• bana göre tanımı: bir ülkenin, vatandaşının "insani konfor"unu ve özgürlüğünü ne kadar sağlayabildiğine göre şekillenen yaşam standardıdır.

    bu standardı belirleyebilmek için sadece alım gücünü baz almak yetersiz olur. bireylerin; özgürlüğüne, politik tutumlardan tutun da toplumun aklıselim ortalamasına kadar geniş ölçekli bir seviyedir bu.

    genelde birkaç kalem ürünü kıyaslayarak alımgücü karşılaştırması yapıyoruz ama bu da yanlış. mesela diyelim ki norveç'te bir tesisat işi yaptırmak çok masraflı, fakat aynı zamanda bina tesisatı sağlam ve dayanıklı malzemelerden iyi işçilikle yapıldığı için bina uzun yıllar bakım/onarım/tamirat ihtiyacı duymuyor. türkiye'de ise tesisat işi yaptırmak ucuz, norveç'tekinin 3/1 fiyatına. fakat kötü işçilik ve kötü malzeme yüzünden bakım/onarım işine daha sık ihtiyaç duyuluyor. bu durumda kim zararda?

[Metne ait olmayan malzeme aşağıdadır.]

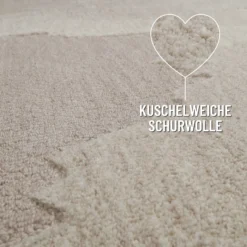Kurzflorteppich Braun Multi aus Schurwolle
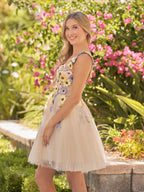 Vestidos cortos de fiesta de tul con flores 3D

    mesela türkiye'de insanın ömründen ömür götüren şeyler var. bunlardan ikisi; ev ve otomobil. bunlar herhangi bir gelişmiş avrupa ülkesinde uçurum farkıyla daha ucuz. ev eşyaları çok daha ucuz. çoğunda sağlık hizmeti ücretsiz.

    yani kısaca, yaşam standardı karşılaştırması ancak ve ancak genel bir karşılaştırmayla, tüm yaşam koşullarının değerlendirilmesi ile yapılabilir.
  • diğer adıyla yaşam kalitesi, bireylerin yaşam standartlarını ifade eden bir terimdir. refah seviyesi, boşanma oranları, suç sayısının nüfusa oranı, bir çocuğun şeker almaya çıkıp ve güvenle evine geri dönebilmesi gibi belli başlı kriterler üzerinden değerlendirilir.

    bu kriterler zamanla değişiklik gösterebilir. bugün refah seviyesi konusunda bize bilgi veren bir kriter, yarın refah seviyesini ölçebilir nitelikte olmayabilir. bunun ülkemizde en bariz örneği cep telefonları. cep telefonları şu an türkiye'deki insanların refah seviyesi konusunda bilgi vermediği gibi neden ev telefonlarının sorgulanmadığı da sorulması gerekir. zira cep telefonları üzerinden refah seviyesi ölçmeye çalışanlar da farkında olacaklardır ki, ev telefonları artık tercih edilmeyecek kadar erişilebilir durumdalar. bu anlamıyla cep telefonları da, bu durumdan farksızdır.

    bu tür kritelendirmelerin bir temeli olmalı. bunun için uluslararası kabul edilmiş endeksler var. bu nedenle bu tür basmakalıp ve kulaktan duyma bilgilerle değerlendirme yapan kişileri dikkate almamakta fayda var.

    bekir ağırdır, türkiye'deki bireylerin refah seviyesinin oturulan ev, oturulan evin çevresi ve eve ait olan arabanın üzerinden ölçüldüğünü belirtiyor. sınıf ayrımı da buradan geliyor. yani ne cebindeki telefon ne de türkiye'nin %75 evinde olan bulaşık makinesi refah seviyesini ölçüyor. buradan yola çıkarak, iletişimde olduğumuz kişilerin arabalarına, şehrin hangi bölgesinde oturduklarına ve evlerinin nasıl olduğuna bakarak onların yaşam standartları konusunda daha net bilgiye ulaşabiliriz.